Exactly the lines from the beginning of the records to the line with "房主任亮相《姐姐当家》最新一期 坦诚上节目为求解决 恳请别骂女儿", both ends included, are to be given again, and pictures are to be left out.

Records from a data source
%%

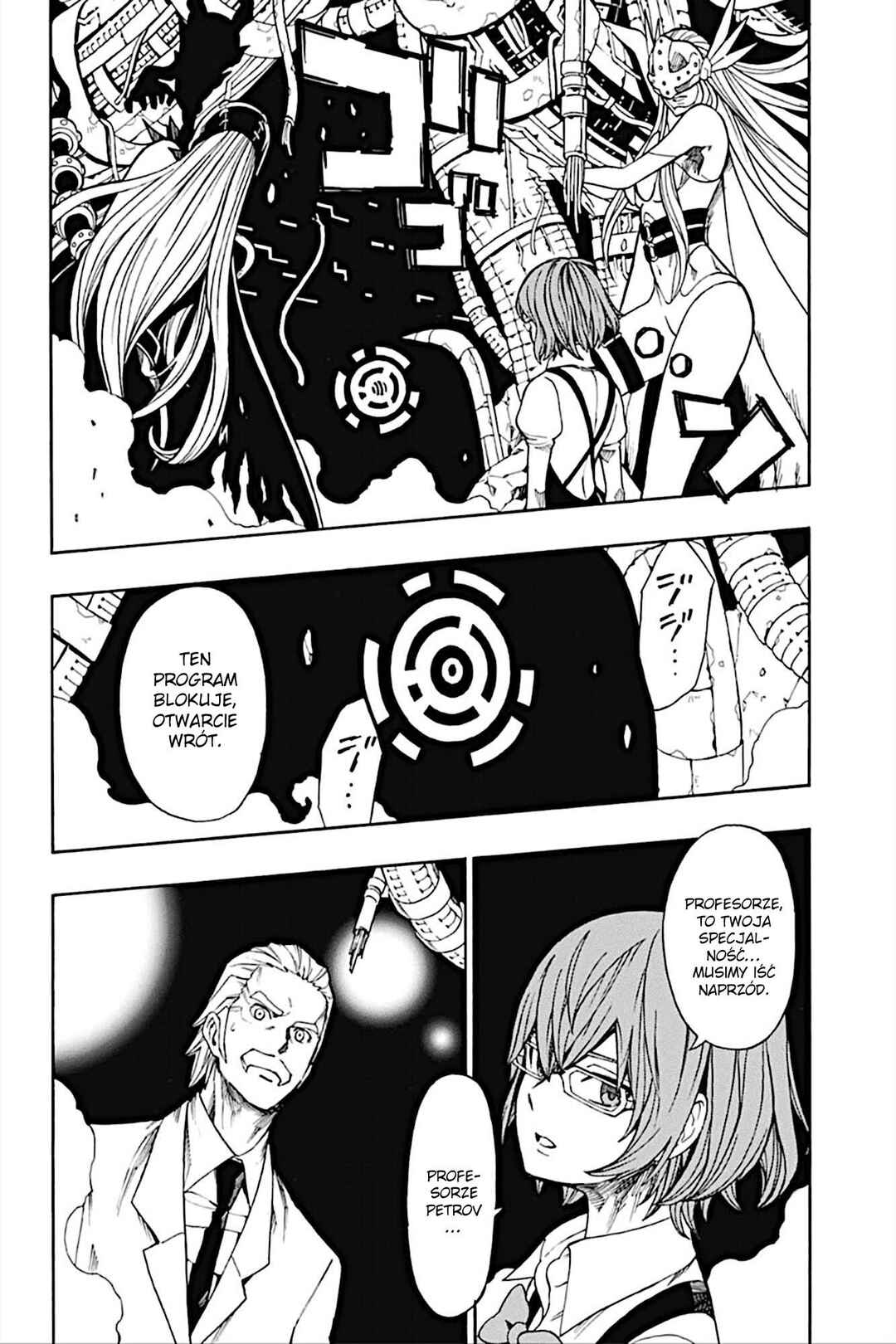 Chapter 18 - Page 4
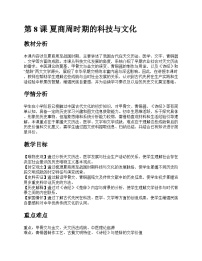 初中历史人教版（2024）七年级上册（2024）夏商周时期的科技与文化优秀教案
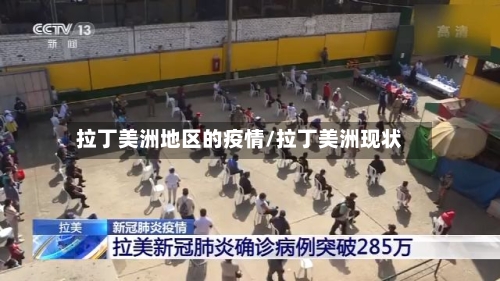 拉丁美洲地区的疫情/拉丁美洲现状-第3张图片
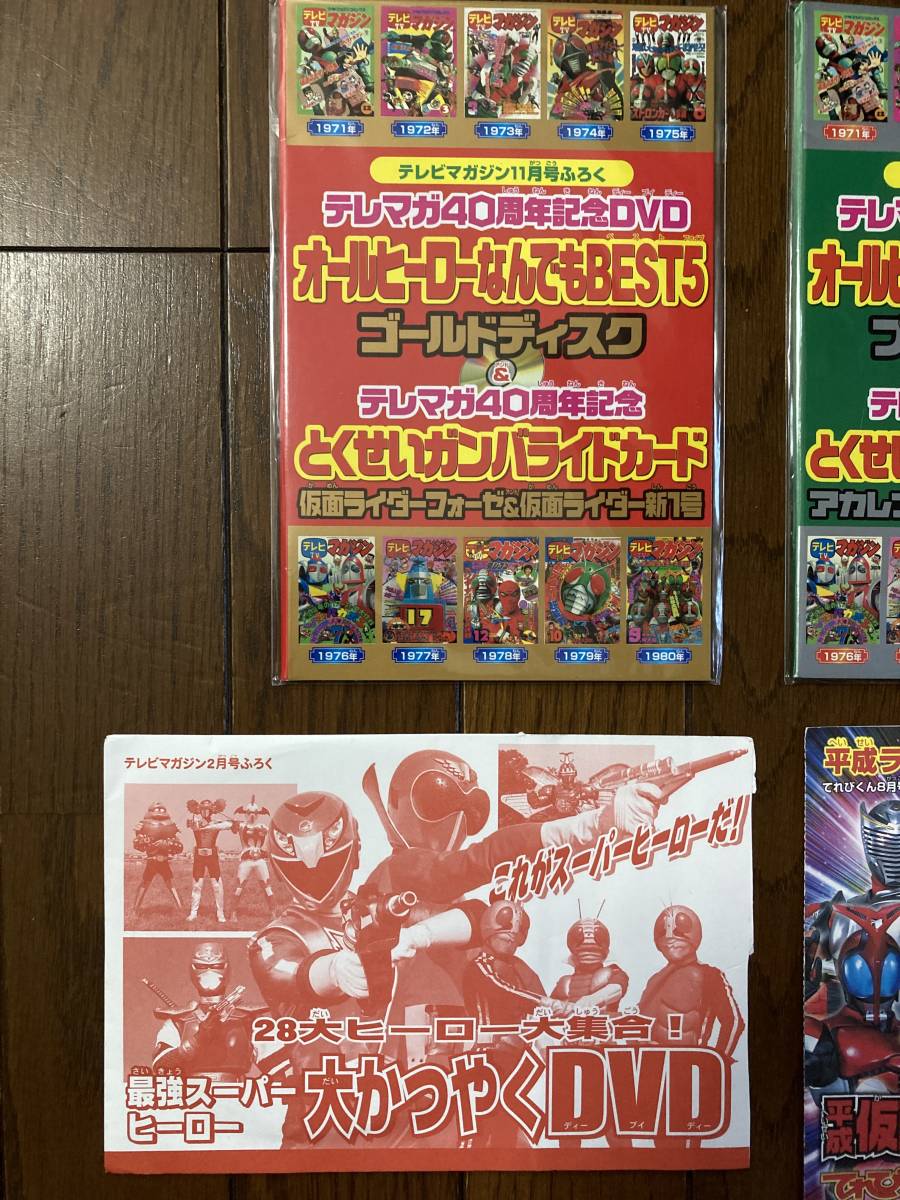 テレマガ40周年記念DVDオールヒーローゴールド&プラチナディスク+28大ヒーロー+全ウルトラマン+てれびくん平成仮面ライダー激バトルDVDレア_画像2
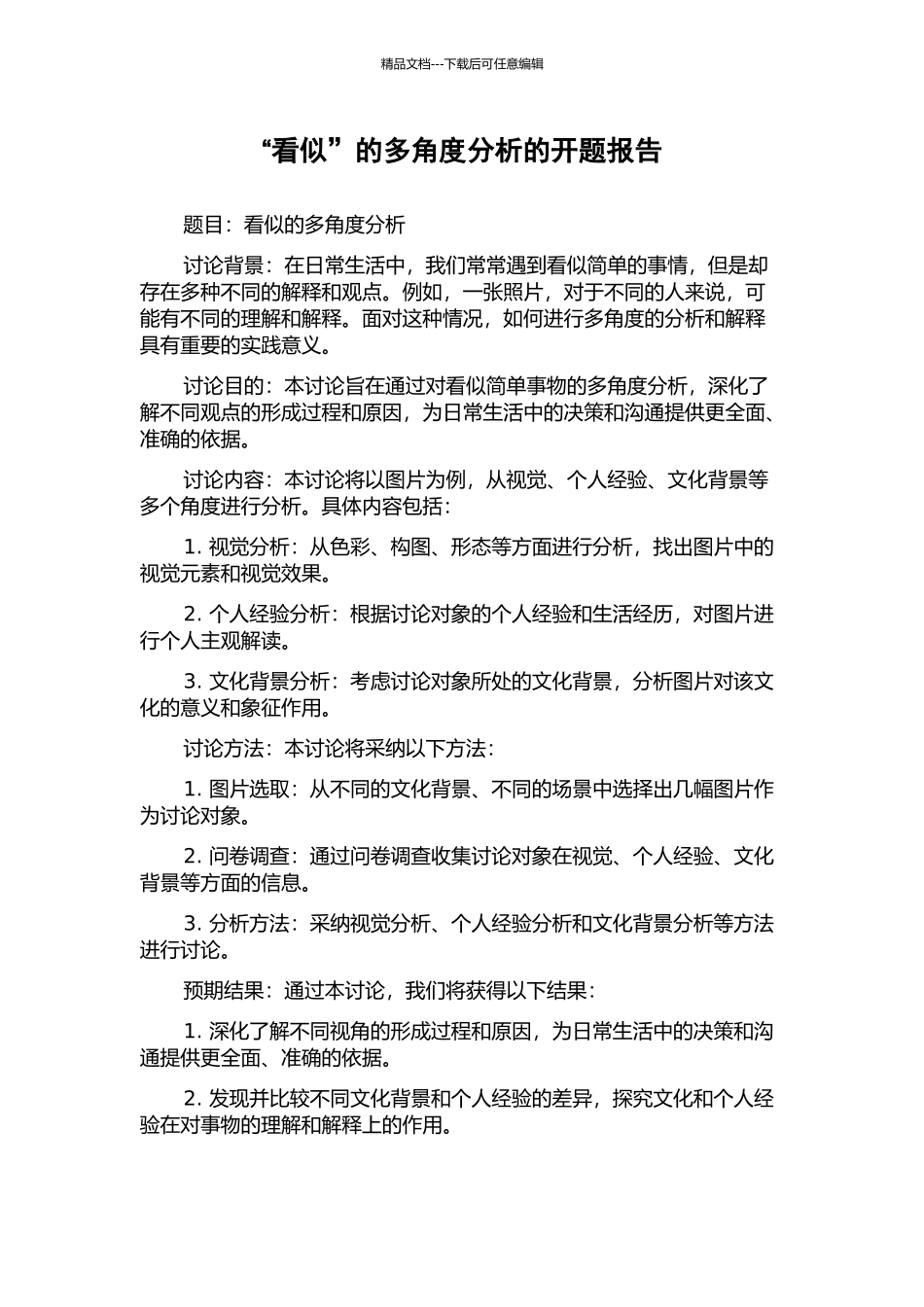 “看似”的多角度分析的开题报告_第1页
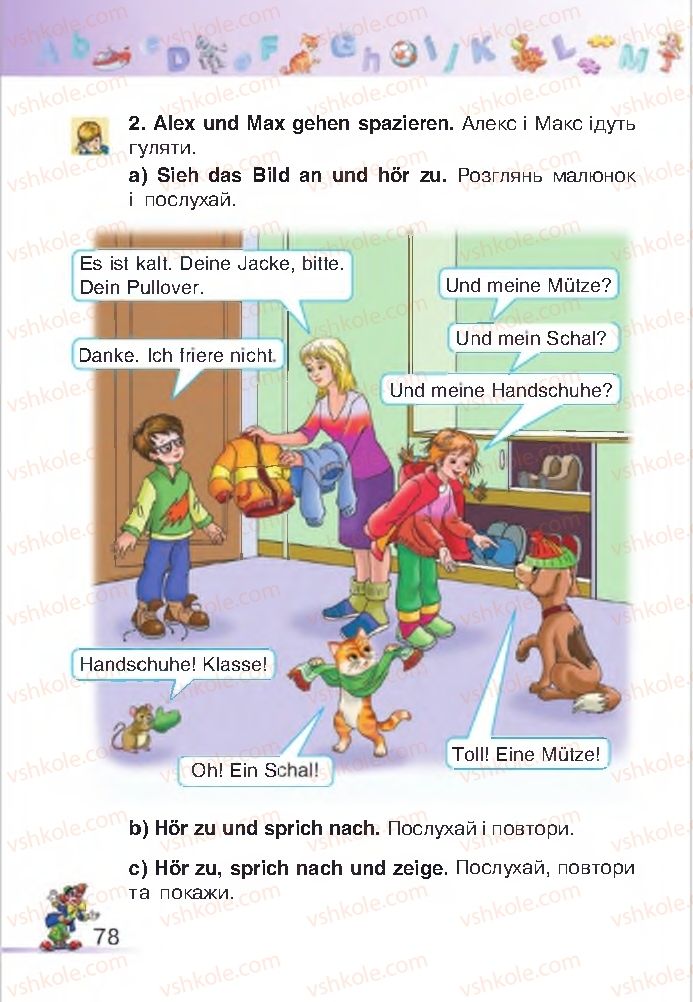 Страница 78 | Підручник Німецька мова 2 клас Н.Ф. Бориско, М.М. Сидоренко, Л.В. Горбач 2012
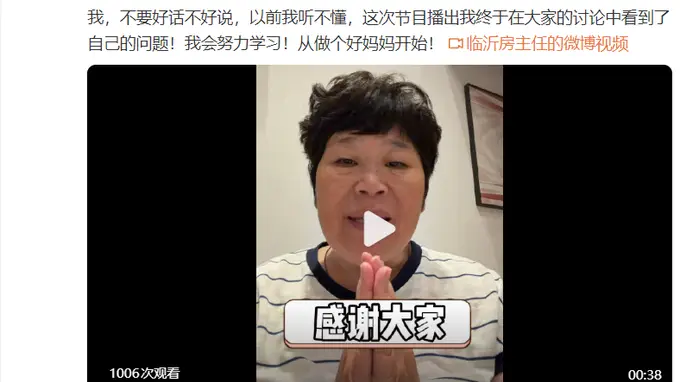 房主任亮相《姐姐当家》最新一期 坦诚上节目为求解决 恳请别骂女儿
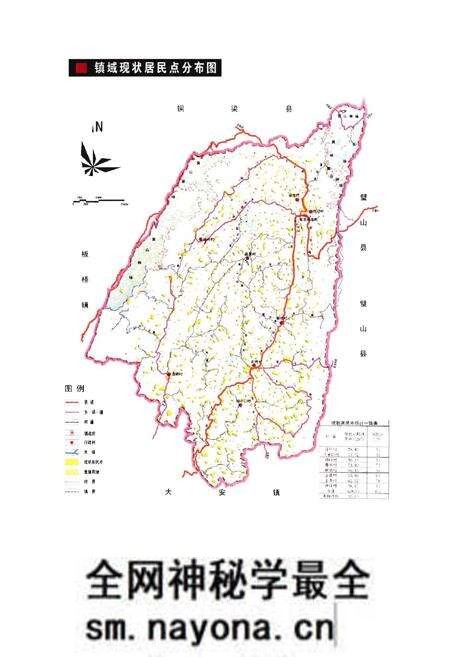 《永川市金龙镇志》.pdf电子版_重庆市志预览图4 《永川市金龙镇志》.pdf电子版_重庆市志预览图4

%%

▶ RESPONSE BELOW
 Chapter 18 - Page 4
 初中历史人教版（2024）七年级上册（2024）夏商周时期的科技与文化优秀教案
 拉丁美洲地区的疫情/拉丁美洲现状-第3张图片
 テレマガ40周年記念DVDオールヒーローゴールド&プラチナディスク+28大ヒーロー+全ウルトラマン+てれびくん平成仮面ライダー激バトルDVDレア_画像2
 “看似”的多角度分析的开题报告_第1页
 Страница 78 | Підручник Німецька мова 2 клас Н.Ф. Бориско, М.М. Сидоренко, Л.В. Горбач 2012
 房主任亮相《姐姐当家》最新一期 坦诚上节目为求解决 恳请别骂女儿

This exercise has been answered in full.